Return all the entries exactly, keeping pictures out.

=======

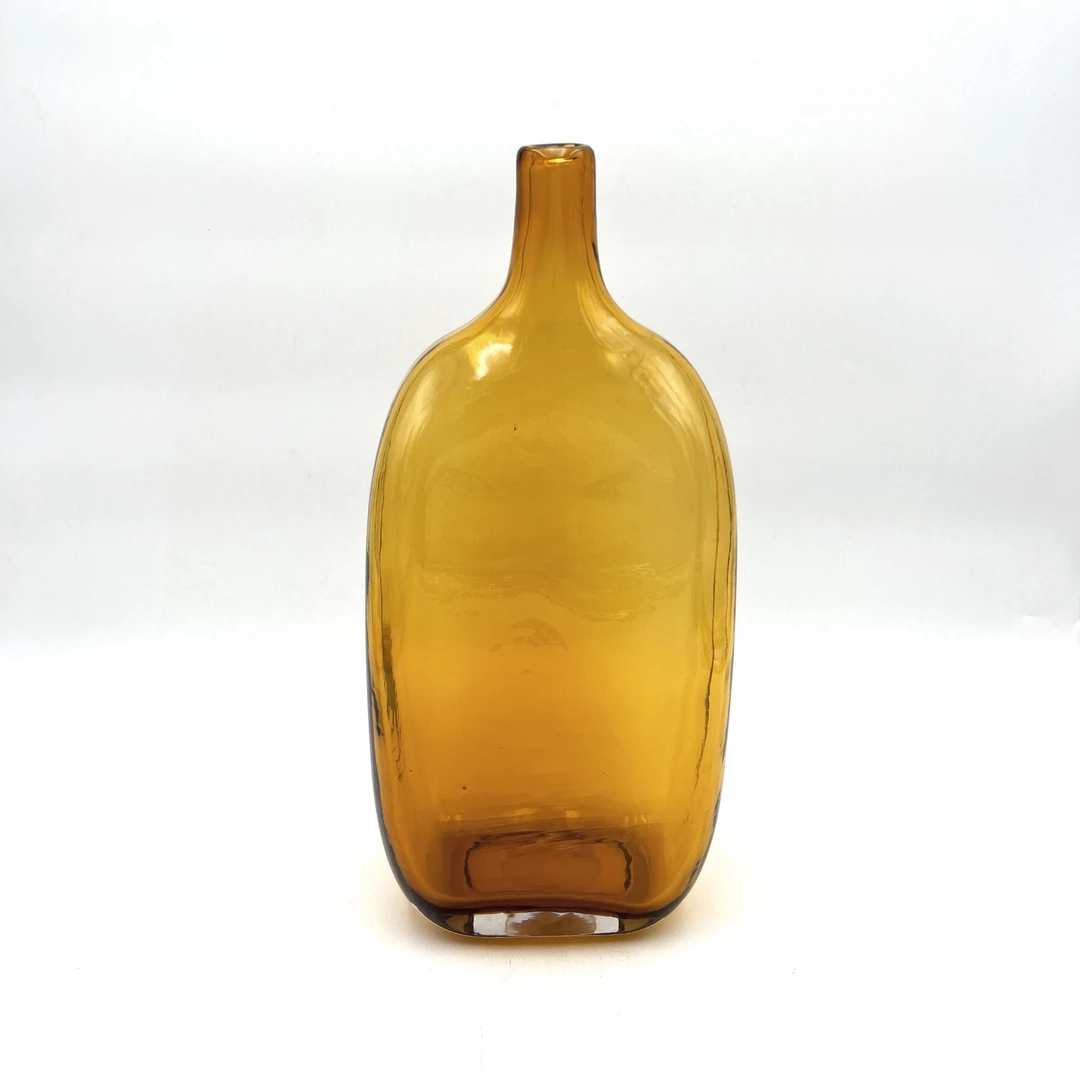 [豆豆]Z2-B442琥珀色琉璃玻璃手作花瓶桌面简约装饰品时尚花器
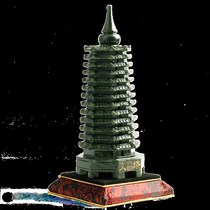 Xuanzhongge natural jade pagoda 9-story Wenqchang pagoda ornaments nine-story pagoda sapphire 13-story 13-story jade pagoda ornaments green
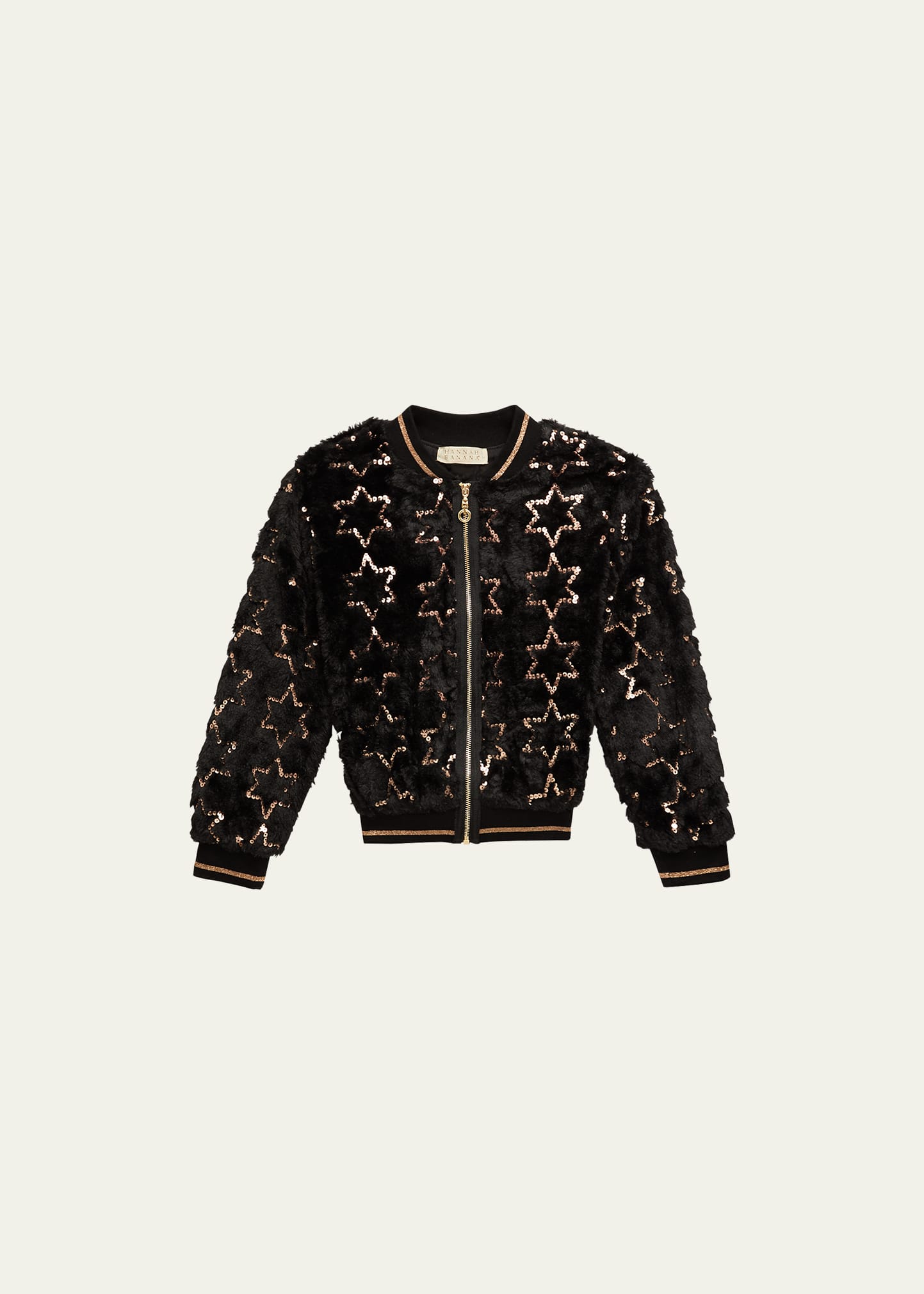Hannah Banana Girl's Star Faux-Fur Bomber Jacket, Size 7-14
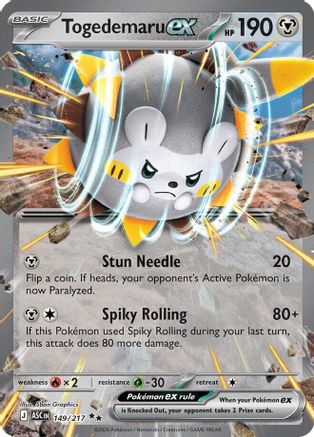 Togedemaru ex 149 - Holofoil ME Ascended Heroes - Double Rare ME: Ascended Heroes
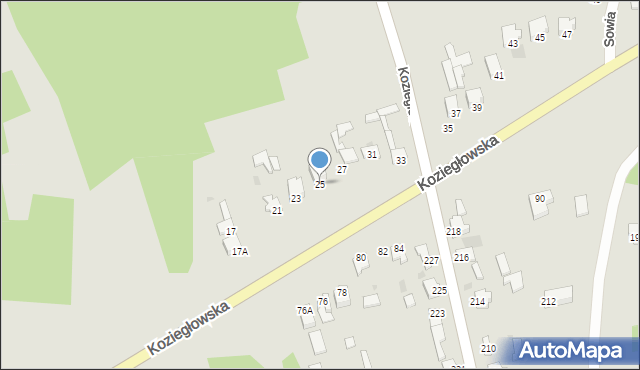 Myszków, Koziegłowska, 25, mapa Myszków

=======

The completed task =>
 [豆豆]Z2-B442琥珀色琉璃玻璃手作花瓶桌面简约装饰品时尚花器
 Xuanzhongge natural jade pagoda 9-story Wenqchang pagoda ornaments nine-story pagoda sapphire 13-story 13-story jade pagoda ornaments green
Hannah Banana Girl's Star Faux-Fur Bomber Jacket, Size 7-14
 Togedemaru ex 149 - Holofoil ME Ascended Heroes - Double Rare ME: Ascended Heroes
 Myszków, Koziegłowska, 25, mapa Myszków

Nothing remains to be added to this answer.